Federal Climate Report Confirms Climate Change Threat
A new federal report finds that climate change is affecting the natural environment, agriculture, energy production and use, land and water resources, transportation, and human health and welfare across the U.S. and its territories.
Volume II of the Fourth National Climate Assessment (NCA4), released by the United States Global Change Research Program (USGCRP), focuses on climate change impacts, risks and adaptations occurring in the U.S. The report contains supporting evidence from 16 national-level topic chapters (e.g., water, oceans, energy, and human health), 10 regional chapters and two chapters that focus on societal responses to climate change. USGCRP also released the Second State of the Carbon Cycle Report (SOCCR2).
The National Oceanographic and Atmospheric Administration (NOAA) is one of 13 federal agencies that contributed significantly to the Fourth National Climate Assessment.  The following are some key findings of the report:
  • Human health and safety, our quality of life, and the rate of economic growth in communities across the U.S. are increasingly vulnerable to the impacts of climate change.  
  • The cascading impacts of climate change threaten the natural, built and social systems we rely on, both within and beyond the nation’s borders.
  • Societal efforts to respond to climate change have expanded in the last five years, but not at the scale needed to avoid substantial damages to the economy, environment, and human health over the coming decades.
  • Without substantial and sustained global efforts to reduce greenhouse gas emissions and regional initiatives to prepare for anticipated changes, climate change is expected to cause growing losses to American infrastructure and property and impede the rate of economic growth over this century.

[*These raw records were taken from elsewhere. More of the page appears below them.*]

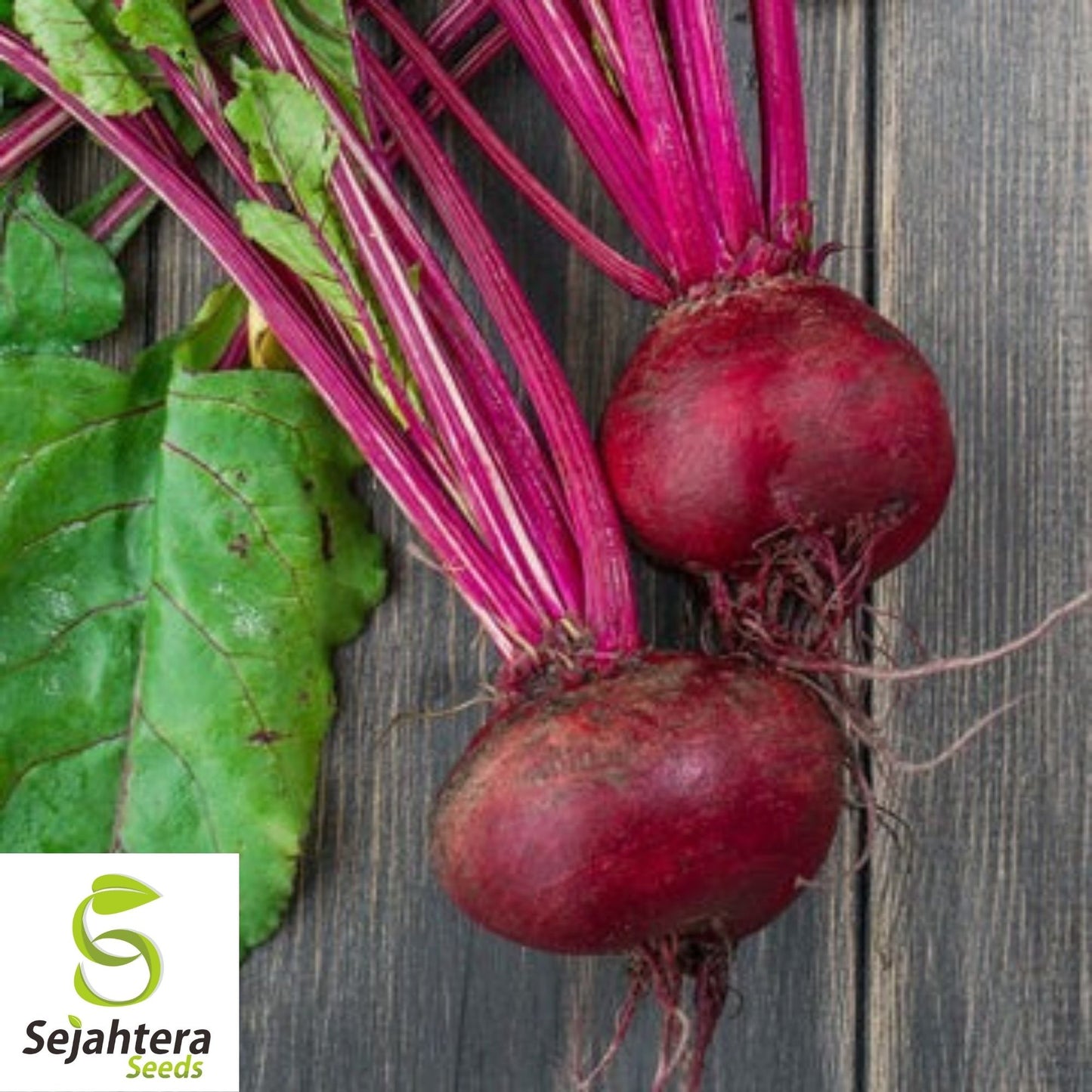Crosby’s Egyptian Beet Seeds 100 Ct | Heirloom Vegetable NON-GMO USA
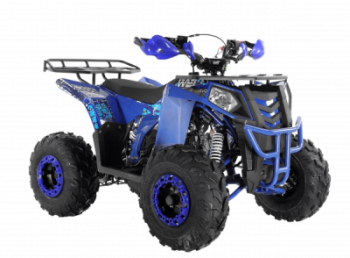  Wels ATV THUNDER EVO 125 s-dostavka  -     -, 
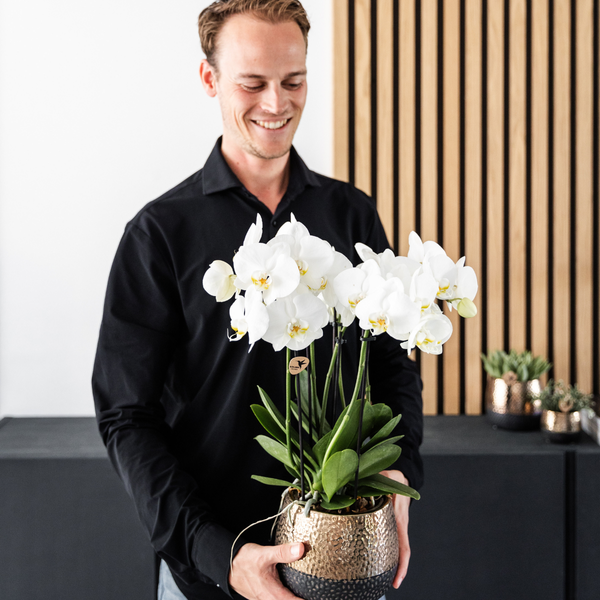 4x Nachtfalterorchidee weiß – Phalaenopsis Orchidee – Ghent – Ø 12 cm – COMBI DEAL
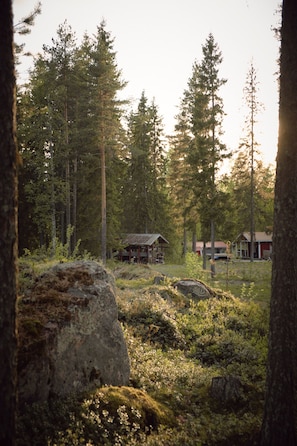 Escape to a secluded cabin surrounded by tall evergreen trees and lush vegetation.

Agriculture and food production
  • Rising temperatures, extreme heat, drought, wildfire on rangelands and heavy downpours are expected to increasingly challenge the quality and quantity of U.S. crop yields, livestock health, price stability and rural livelihoods.
  • Continued changes to Earth’s climate will cause major disruptions in some ecosystems. Some coral reef and sea ice ecosystems are already experiencing transformational changes, affecting communities and economies that rely upon them.
Water and the coasts
  • Changes in the quality and quantity of fresh water available for people and the environment  are increasing risks and costs to agriculture, energy production, industry and recreation.
  • Climate change will transform coastal regions by the latter part of this century, with ripple effects on other regions and sectors. Many communities should expect higher costs and lower property values from sea level rise.
  • Climate change threatens the health and well-being of the American people by causing increasing extreme weather, changes to air quality, the spread of new diseases by insects and pests, and changes to the availability of food and water.
The consensus of 13 federal agencies, as released last week in the 4th National Climate Assessment is that the US is 1.8 degrees Fahrenheit warmer, on average, than it was a century ago and will warm at least another 3 degrees, and perhaps much more, by 2100, unless the world moves swiftly to cut its use of coal, oil and gas.
Brenda Ekwurzel, the director of climate science at the Union of Concerned Scientists and one of the NCA4 report authors said, “this report makes it clear that climate change is not some problem in the distant future. It’s happening right now in every part of the country. When people say the wildfires, hurricanes and heat waves they’re experiencing are unlike anything they’ve seen before, there’s a reason for that, and it’s called climate change.”